### PROVIDED ENTRIES:

********************

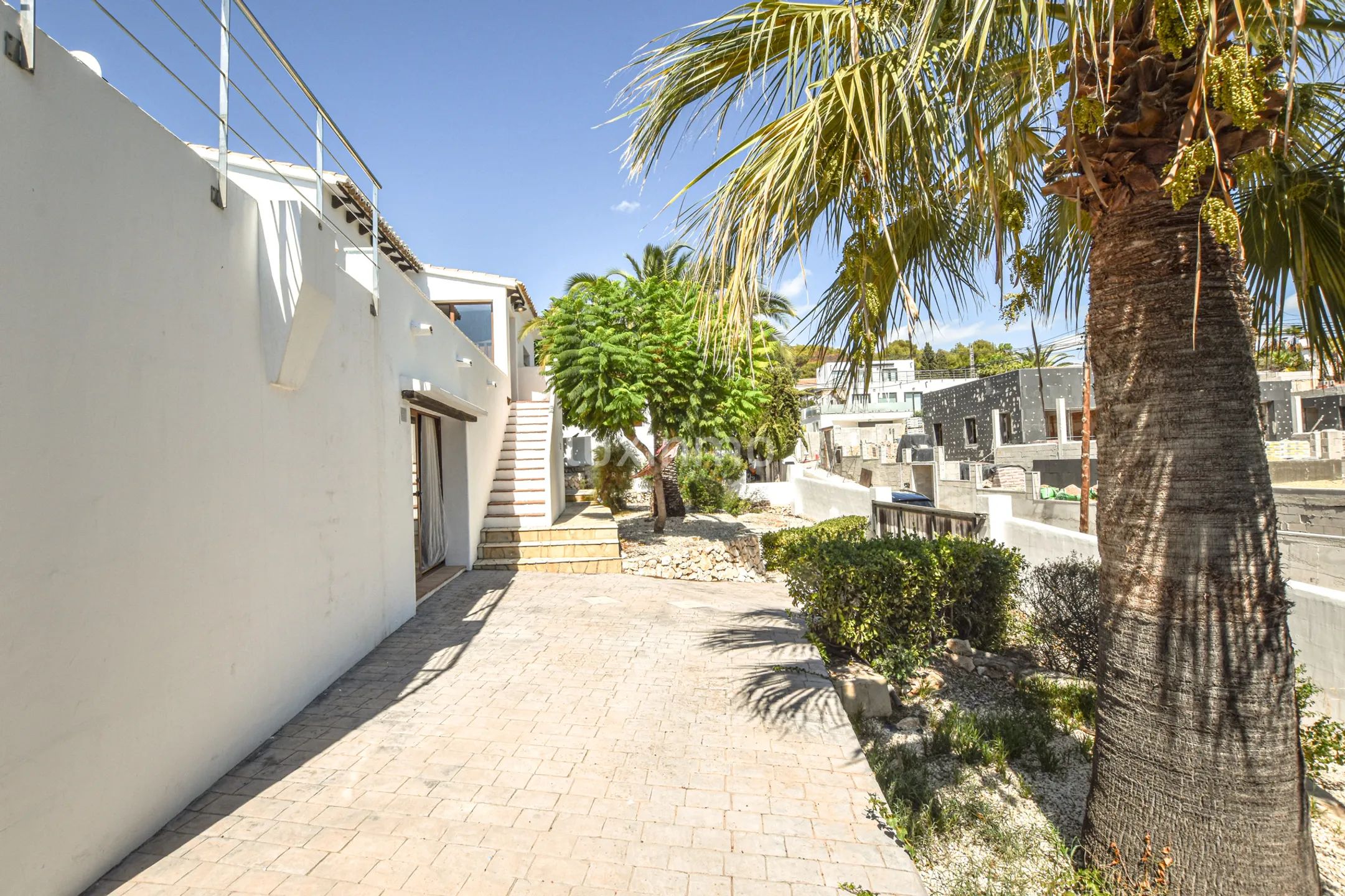 Willa z widokiem na morze w La Fustera, Benissa — photo 6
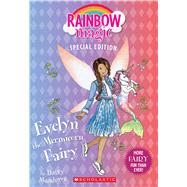 Evelyn the Mermicorn Fairy (Rainbow Magic Special Edition) by Meadows, Daisy, 9781338553840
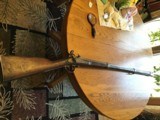 Antique US Springfield Model 1842 Springfield dated 1852 69 caliber - 2 of 15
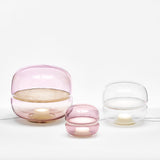 "Macaron" Small Table Lamp by Lucy Koldova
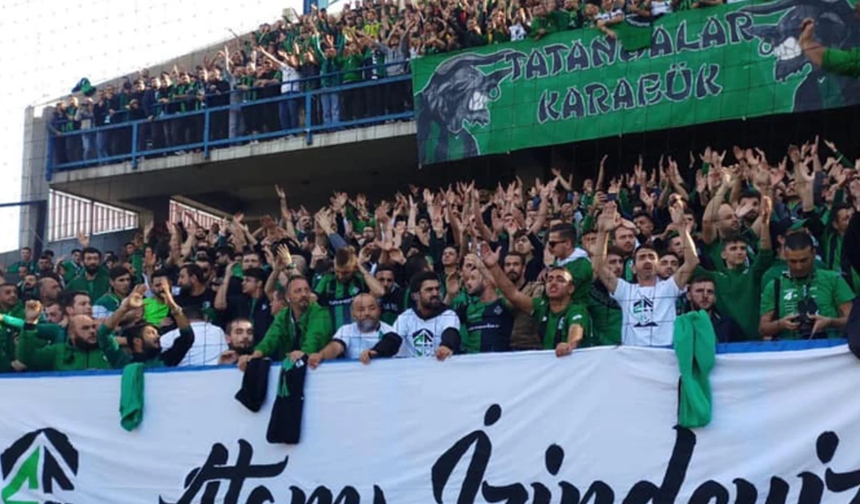 Vanspor’dan Sakaryaspor Taraftarına Anlamlı Jest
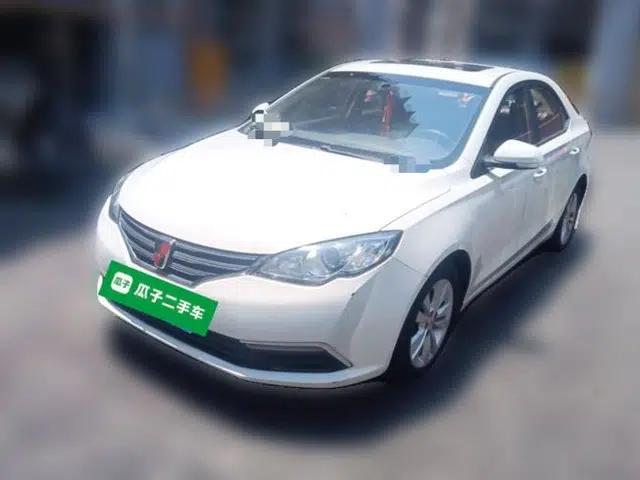 Roewe 360 2015 1.5L Manual Luxury Edition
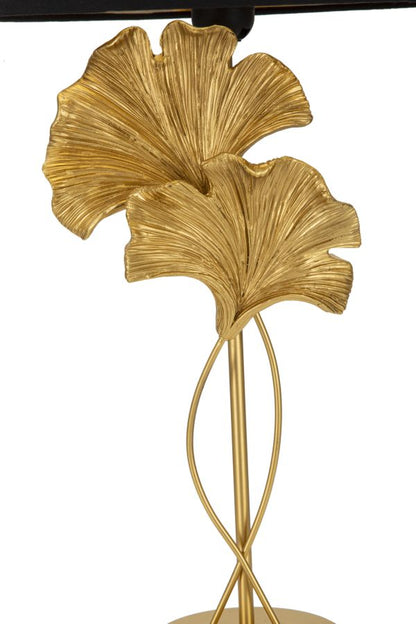 Elegante Tischleuchte Flow ø 30x63 cm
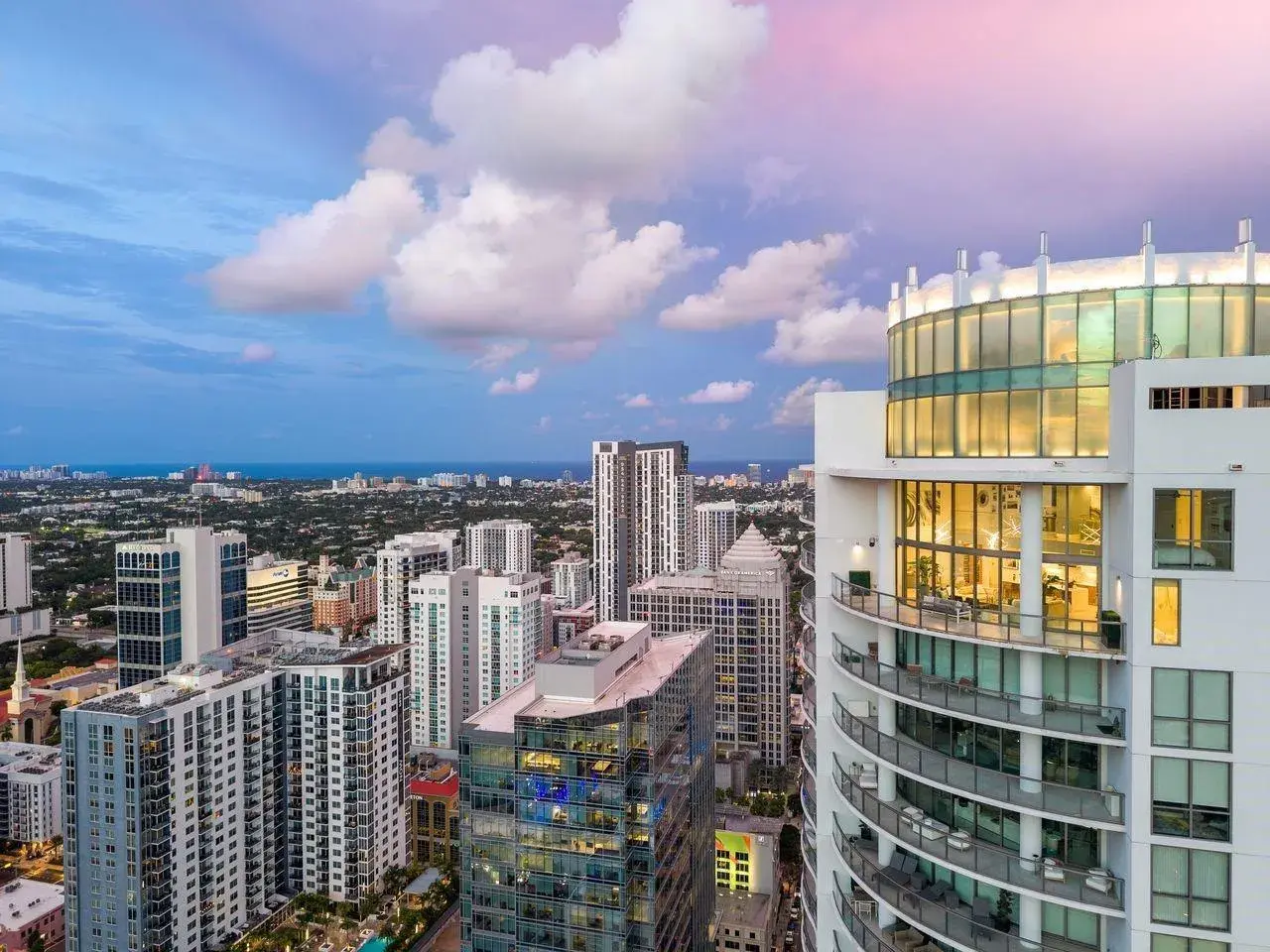 100 E Las Olas Boulevard # 4603, Fort Lauderdale FL 33301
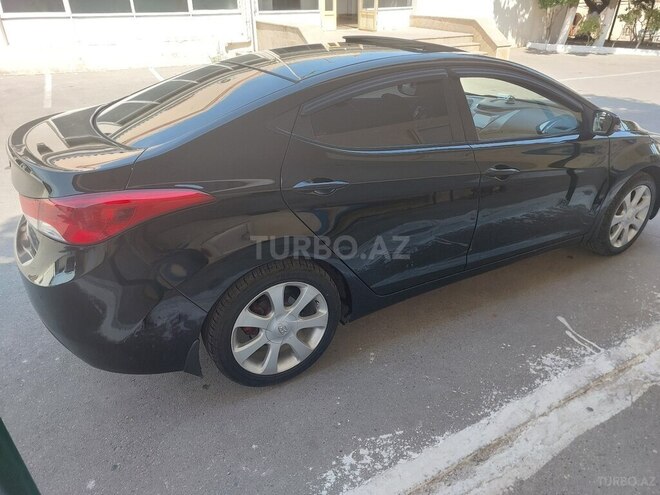 Hyundai Elantra 2013, 177,300 km - 1.8 l - Bakı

********************

Every record above must be copied exactly; none of the pictures belong in the copy.

 Willa z widokiem na morze w La Fustera, Benissa — photo 6
 Evelyn the Mermicorn Fairy (Rainbow Magic Special Edition) by Meadows, Daisy, 9781338553840
 Antique US Springfield Model 1842 Springfield dated 1852 69 caliber - 2 of 15
 "Macaron" Small Table Lamp by Lucy Koldova
 Vanspor’dan Sakaryaspor Taraftarına Anlamlı Jest
 Roewe 360 2015 1.5L Manual Luxury Edition
 Elegante Tischleuchte Flow ø 30x63 cm
 100 E Las Olas Boulevard # 4603, Fort Lauderdale FL 33301
 Hyundai Elantra 2013, 177,300 km - 1.8 l - Bakı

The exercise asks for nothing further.